しかし、現実には男性が介助を担うケースも多く、これにより肢体不自由者の女性は強い羞恥心を抱えながら日々を過ごすことになります。また、異性からの介助を不満に思っても、「わがままな障がい者」とレッテルを貼られる恐れから、声を上げることがためらわれる女性もいます。

その違和感さえ失ってしまう女性も存在

一方で、長年にわたり異性からの介助を受け続ける中で、その違和感さえ失ってしまう女性も存在します。しかし、ある時点でその女性は、「本人の望まない異性介護は虐待にあたる」という事実を知り、自らの気持ちに正直になることが重要であることに気づきました。そして、彼女は思わず「私、男性からの介助は望みません!」と声を上げることができたのです。

「恥ずかしいって場合?」

あるグループホームでは、生活の全てに介助が必要な肢体不自由の女性たちが共同生活を送っていました。ある日、女性の世話をしていたスタッフが入浴介助中にてんかんの発作を起こしたのです。この状況ではすぐに湯船から引き上げなければなりませんが、女性自身の力では不可能で、男性のスタッフの協力が必要でした。

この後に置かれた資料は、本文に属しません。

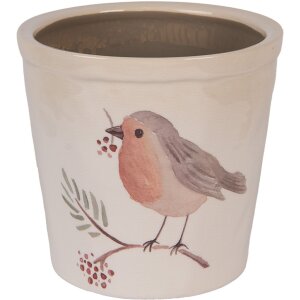 Clayre & Eef Pot à fleurs motif oiseau...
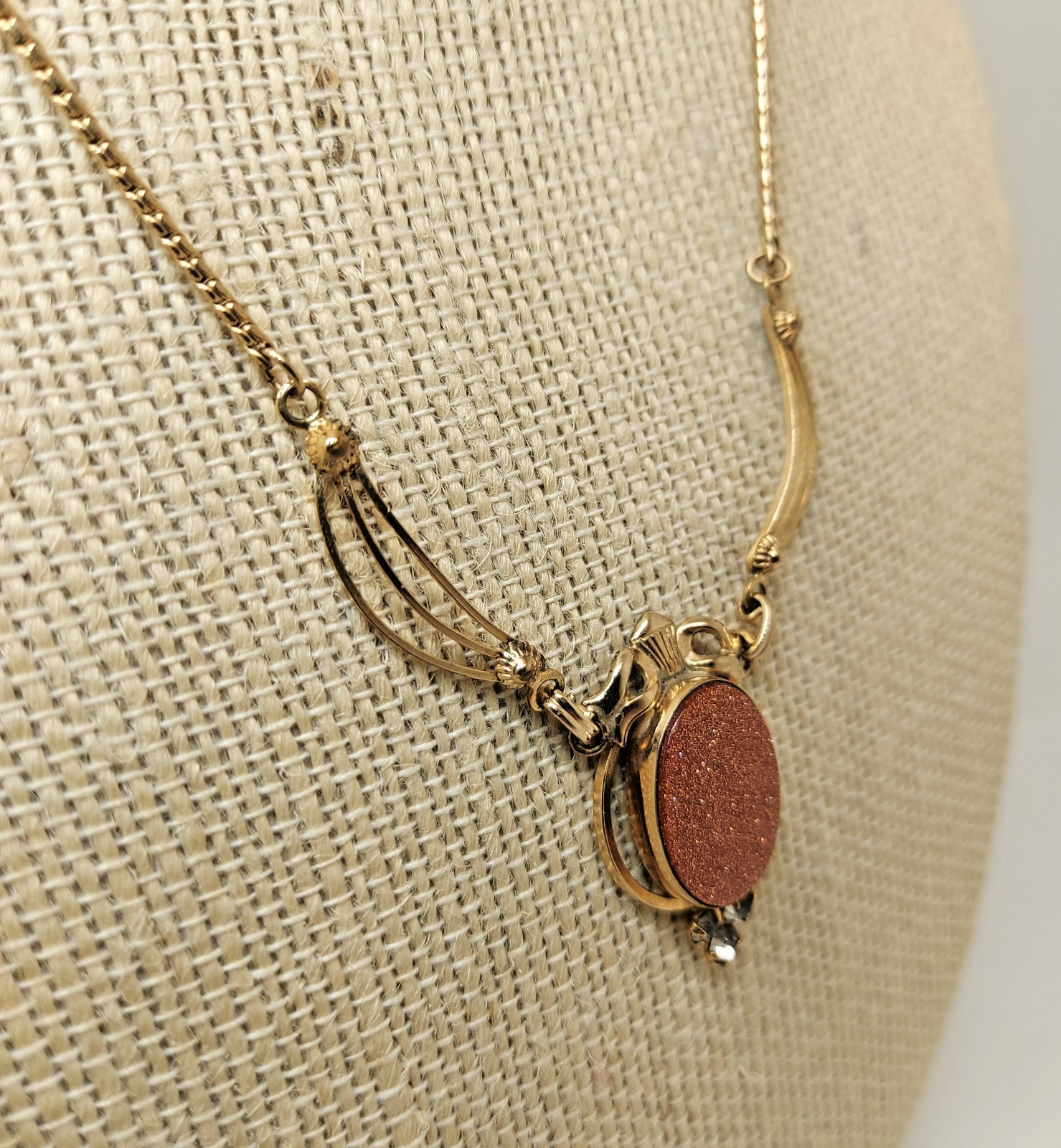 Vintage 1/20 12k Gold Filled Goldstone Sandstone Lavalier Necklace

しかし、男性のスタッフが介助をしようとすると、女性は激しく抵抗し、男性の腕を振り払うのだそうです。スタッフが笑いながら「私には無理だから、しょうがないよね。恥ずかしいって場合?」と話したそうです。入浴介助とはいえ、女性が発作を起こすたびに全裸で男性に抱え上げられることになります。

性暴力と結びつく可能性

この異性介助が後に性暴力と結びつく可能性もあり、この問題を放置するわけにはいきません。さらに、肢体不自由の女性は婦人科にかかることが難しい場合もあります。例えば、内診台で十分に足が開けないなどの理由で、診察時に大きな負担を強いられることもあるのです。

その他にも、聴覚障がい者女性が手話通訳者の不在によって婦人科での相談を躊躇する場面もあります。このような課題が女性たちの心身の健康に影響を与える可能性があるため、この問題には真剣に向き合わなければなりません。